Now, switching our attention to the electric interurban to Albia, the beginning was on January 1914 when the Centerville Light and Traction Co. purchased the Centerville, Albia and Moravia Railroad. The existing steam powered railroad was converted to electric operation that same year for passenger service to begin.
In the process of electrification of the railroad, the source was the 34.5 Kv transmission line, already in place between Centerville and Albia. It was necessary to install electric converters at each of the Centerville, Moravia and Albia Substations to change the alternating current power to direct current power and transform the voltage down to 600 volts. Long brackets were installed under the main circuit on the transmission line poles to support a 600 volt d.c. power line centered above the railroad track to carry electric power to the rail cars. The power circuit was a heavy copper cable, maybe 1 1/2 inch. The cable had to be quite large to prevent the voltage drop from being excessive in the between the electric converters at the various substations.
The d.c. motors on the trolley cars were energized from the 600 volt differential between the trolley wire suspended above the track and the grounded track rails. The current would pass from the trolley wire through an under-running wheel or shoe, carried at the end of a swiveling metal pole mounted on the car roof, to drive the propulsion motors on each car and would finally pass through the axles and wheels to the track rails, which form the return circuit. There were two long trolley arms on each car, one going forward and one going backward. If the car changed direction, the alternate trolley arm would be hooked up.
In August 1914 two passenger cars powered by 40 horsepower motors began providing electric passenger service. They made seven trips between Centerville and Albia each day with a running time of one hour and 25 minutes.
Freight service was launched in May 1915. Pictured here is ISU No. 400, one of the 50 ton locomotives purchased in 1923 for use with the coal hauling.
In 1916 the Centerville Light and Traction changed its name to Iowa Southern Utilities Company and, by 1926, acquired electric utility systems all over southern Iowa including Newton, Ottumwa and Burlington.
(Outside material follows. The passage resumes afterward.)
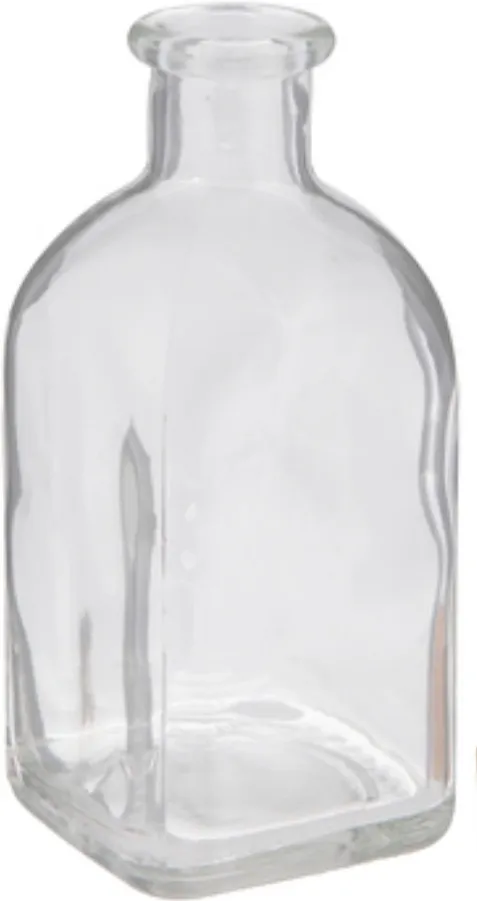 CENTERPIECE: 5" clear square bottle. {Boho collection}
After the railroad to Albia was electirified as part of the Interurban system in 1914, there were a couple of large coal mines developed south of Forbush, to utilize the rail line and Centerville Powerplant market. They were the Empire Mine (1930-41) and the Sunshine Mine No. 4 (1944-62)
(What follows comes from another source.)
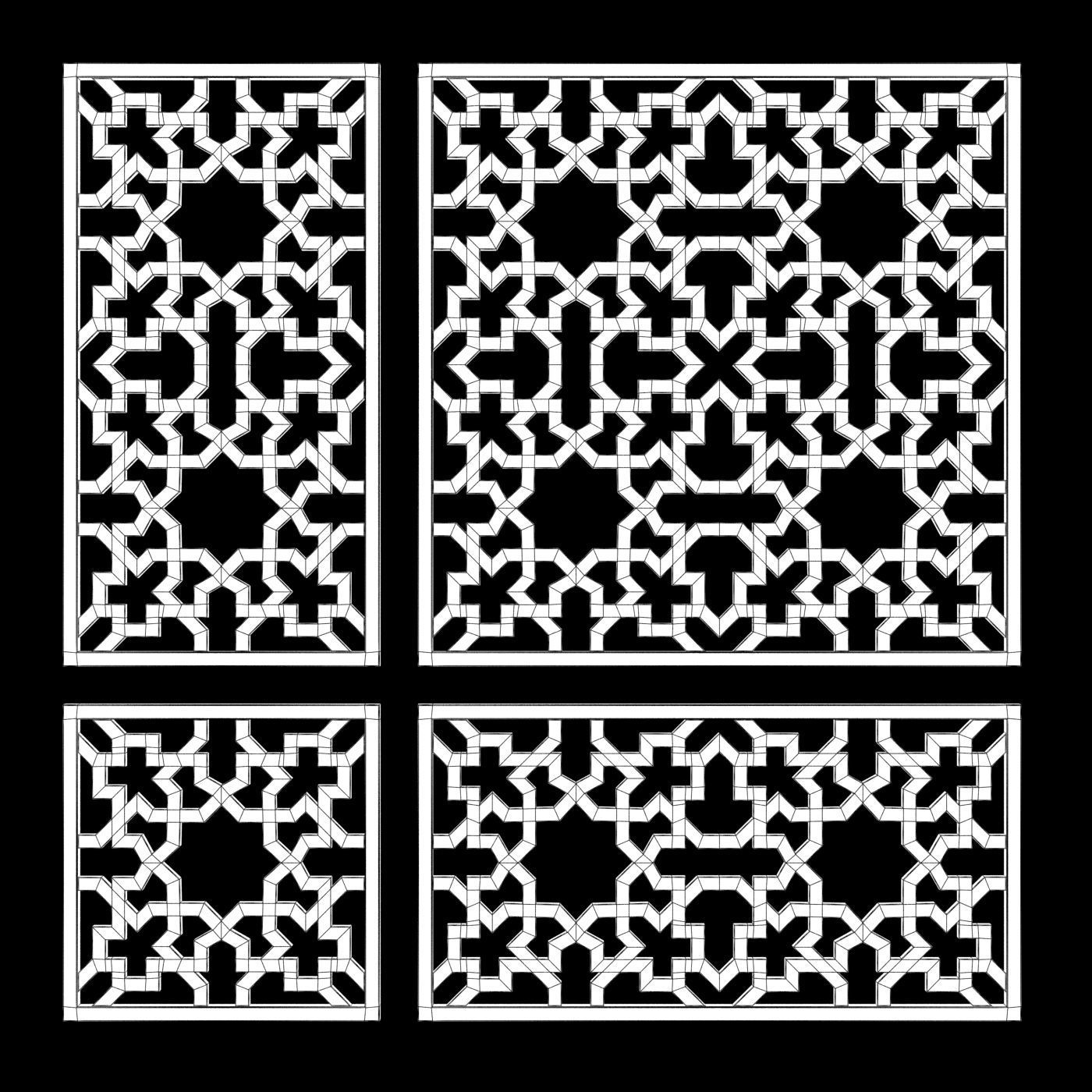 Arabic Islamic pattern decorative gold plaster 3D model_3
The Empire Coal Mine was located just south of the entrance to the Golf and Country Club and has been a landmark for years. Since this was one of the later mines, it had one of the last available shale dumps still standing in later years. The dump was purchased by the county in 1967 for shale to surface secondary roads.
At the time, Dick Hamm said there was only one other shale dump left, that being the Sunshine No. 4 dump. He also said that during the height of the coal mining operation in Appanoose County, there were 128 mines open and doing business. This was eventually reduced to only one active mine, the new Gladstone. Now there are none.
Sunshine Mine No. 4 was the last of the big Sunshine mines. It was built in 1944 and was owned by Sam Carpenter and Dick Hamm. It was located in the east central part of Section 23 and required a rail spur about a half mile long from the McConville North Mine to service it. It had a 140 foot shaft and mined 100 acres before it finally closed in 1967.
Rudee Blozovich took me in his pickup to drive a quarter mile east from 205th St. on a very rough trail in the woods and fields to find this mine. I thought he would jostle our teeth out. There are shale dumps everywhere in the midst of a wilderness of trees that have grown up since it closed. Much of the shale has been removed. I took a picture of the remains of a 20 foot high shale pile near the mine tipple.